This template letter may be used in situations where one party terminates a contract on the grounds of the other's insolvency or bankruptcy. The template is short, and easy to adapt to the specific circumstances of a contract termination.
In the case of individual debtors, insolvency is commonly referred to as bankruptcy. This template may be used in relation to both the insolvency of companies and other incorporated entities, and the bankruptcy of individuals.
Professionally-drafted contracts usually contain a provision permitting one party to terminate in the case of the insolvency or bankruptcy of the other party. These provisions protect the terminating party, particularly in circumstances where the terminating party has an obligation to give credit in some form to the other party under the contract. Termination in the case of insolvency is usually effective immediately, upon the giving of a notice of termination.
In practice, it may be difficult to determine whether or not a debtor is in fact insolvent. Some cases will be clear, but others will not.
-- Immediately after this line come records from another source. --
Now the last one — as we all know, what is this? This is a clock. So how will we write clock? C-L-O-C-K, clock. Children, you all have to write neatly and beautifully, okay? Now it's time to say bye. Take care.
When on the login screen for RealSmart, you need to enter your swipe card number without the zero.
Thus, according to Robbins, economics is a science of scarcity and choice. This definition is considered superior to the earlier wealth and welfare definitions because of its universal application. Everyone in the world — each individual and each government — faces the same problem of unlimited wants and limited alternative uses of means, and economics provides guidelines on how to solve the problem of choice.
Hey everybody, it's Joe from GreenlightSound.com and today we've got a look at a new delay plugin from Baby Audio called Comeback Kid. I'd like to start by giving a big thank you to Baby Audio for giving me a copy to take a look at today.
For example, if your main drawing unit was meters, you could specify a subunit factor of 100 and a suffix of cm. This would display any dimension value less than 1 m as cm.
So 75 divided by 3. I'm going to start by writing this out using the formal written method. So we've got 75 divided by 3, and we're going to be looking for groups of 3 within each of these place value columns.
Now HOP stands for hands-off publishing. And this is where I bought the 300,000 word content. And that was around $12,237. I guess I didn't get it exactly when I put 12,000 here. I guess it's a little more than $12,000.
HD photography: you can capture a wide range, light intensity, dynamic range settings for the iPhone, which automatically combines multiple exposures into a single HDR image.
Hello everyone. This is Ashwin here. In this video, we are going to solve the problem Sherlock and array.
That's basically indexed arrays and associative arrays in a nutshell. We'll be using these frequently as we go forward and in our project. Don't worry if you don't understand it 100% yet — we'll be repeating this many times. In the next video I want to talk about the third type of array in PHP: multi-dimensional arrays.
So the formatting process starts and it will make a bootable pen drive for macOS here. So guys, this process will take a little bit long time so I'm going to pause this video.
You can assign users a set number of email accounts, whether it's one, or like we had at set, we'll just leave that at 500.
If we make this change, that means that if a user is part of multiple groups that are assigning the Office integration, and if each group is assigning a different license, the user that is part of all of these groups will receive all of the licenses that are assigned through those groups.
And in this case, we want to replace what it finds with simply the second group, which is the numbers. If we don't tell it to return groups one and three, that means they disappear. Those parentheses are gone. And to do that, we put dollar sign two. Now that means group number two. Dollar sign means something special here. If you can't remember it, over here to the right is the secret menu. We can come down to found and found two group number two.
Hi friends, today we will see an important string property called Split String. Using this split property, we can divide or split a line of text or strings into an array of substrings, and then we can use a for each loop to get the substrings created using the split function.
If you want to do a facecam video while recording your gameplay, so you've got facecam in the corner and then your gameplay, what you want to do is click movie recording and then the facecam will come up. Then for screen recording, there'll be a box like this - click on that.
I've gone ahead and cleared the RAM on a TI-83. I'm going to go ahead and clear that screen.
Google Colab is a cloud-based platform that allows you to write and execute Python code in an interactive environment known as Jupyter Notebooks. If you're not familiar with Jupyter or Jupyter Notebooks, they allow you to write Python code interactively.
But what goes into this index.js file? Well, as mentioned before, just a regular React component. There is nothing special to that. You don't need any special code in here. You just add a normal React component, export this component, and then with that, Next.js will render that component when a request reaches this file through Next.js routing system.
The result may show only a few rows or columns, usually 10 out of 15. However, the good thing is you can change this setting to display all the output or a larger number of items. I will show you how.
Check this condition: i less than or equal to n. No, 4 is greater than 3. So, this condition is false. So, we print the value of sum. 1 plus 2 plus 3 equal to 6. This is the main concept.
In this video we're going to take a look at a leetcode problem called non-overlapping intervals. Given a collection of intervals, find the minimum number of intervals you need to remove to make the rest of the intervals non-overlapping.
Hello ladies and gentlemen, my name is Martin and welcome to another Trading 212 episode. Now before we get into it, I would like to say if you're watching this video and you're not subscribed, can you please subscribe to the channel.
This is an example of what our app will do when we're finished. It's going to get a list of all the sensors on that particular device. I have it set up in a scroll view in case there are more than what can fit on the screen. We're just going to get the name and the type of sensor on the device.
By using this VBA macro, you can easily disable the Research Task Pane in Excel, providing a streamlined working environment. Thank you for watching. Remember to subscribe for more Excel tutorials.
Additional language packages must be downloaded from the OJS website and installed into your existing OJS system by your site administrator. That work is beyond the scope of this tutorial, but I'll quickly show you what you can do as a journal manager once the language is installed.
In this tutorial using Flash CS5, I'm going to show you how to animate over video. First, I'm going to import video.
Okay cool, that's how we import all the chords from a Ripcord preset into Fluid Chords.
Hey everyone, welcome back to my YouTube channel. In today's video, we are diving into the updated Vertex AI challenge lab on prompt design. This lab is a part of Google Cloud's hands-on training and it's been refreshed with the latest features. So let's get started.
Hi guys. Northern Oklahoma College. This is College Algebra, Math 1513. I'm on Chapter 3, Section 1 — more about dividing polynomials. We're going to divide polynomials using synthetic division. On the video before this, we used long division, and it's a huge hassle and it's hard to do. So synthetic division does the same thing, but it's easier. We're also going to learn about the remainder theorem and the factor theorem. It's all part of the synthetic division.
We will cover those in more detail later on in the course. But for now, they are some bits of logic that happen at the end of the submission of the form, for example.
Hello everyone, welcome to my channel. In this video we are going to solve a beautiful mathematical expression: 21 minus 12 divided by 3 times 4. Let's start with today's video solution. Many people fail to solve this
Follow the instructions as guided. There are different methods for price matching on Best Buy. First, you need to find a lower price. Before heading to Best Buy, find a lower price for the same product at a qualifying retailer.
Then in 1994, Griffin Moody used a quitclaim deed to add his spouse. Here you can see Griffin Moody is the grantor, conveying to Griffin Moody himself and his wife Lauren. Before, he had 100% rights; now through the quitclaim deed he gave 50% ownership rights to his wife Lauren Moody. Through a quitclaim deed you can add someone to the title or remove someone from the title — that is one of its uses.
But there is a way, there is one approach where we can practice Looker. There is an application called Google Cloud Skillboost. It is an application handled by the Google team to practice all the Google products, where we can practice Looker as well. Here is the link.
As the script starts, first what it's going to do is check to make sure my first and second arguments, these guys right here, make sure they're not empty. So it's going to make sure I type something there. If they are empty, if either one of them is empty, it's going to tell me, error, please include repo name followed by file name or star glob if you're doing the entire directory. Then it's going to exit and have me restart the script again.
For this reason, contract termination clauses that deal with insolvency will often elaborate the circumstances which will be counted as "insolvency" for the purposes of the contract. These might include a party being dissolved, ceasing to conduct its business, being unable to pay its debts (the broad statutory criterion), making arrangements with its creditors, having an administrator or other official appointed over its assets, or being the subject of a winding-up order.
In any case, you should review the contract in question carefully before issuing any notice of termination. You should identify the contract provision that gives you a right to terminate, and also the factual circumstances that bring that contract provision into play. You should also study the notice requirements in the contract, to ensure that your notice of termination is validly given.
The termination (or attempted termination) of a contract may result in the terminating party being subject to certain liabilities; you should therefore seek expert legal advice before terminating if you are unsure of your position.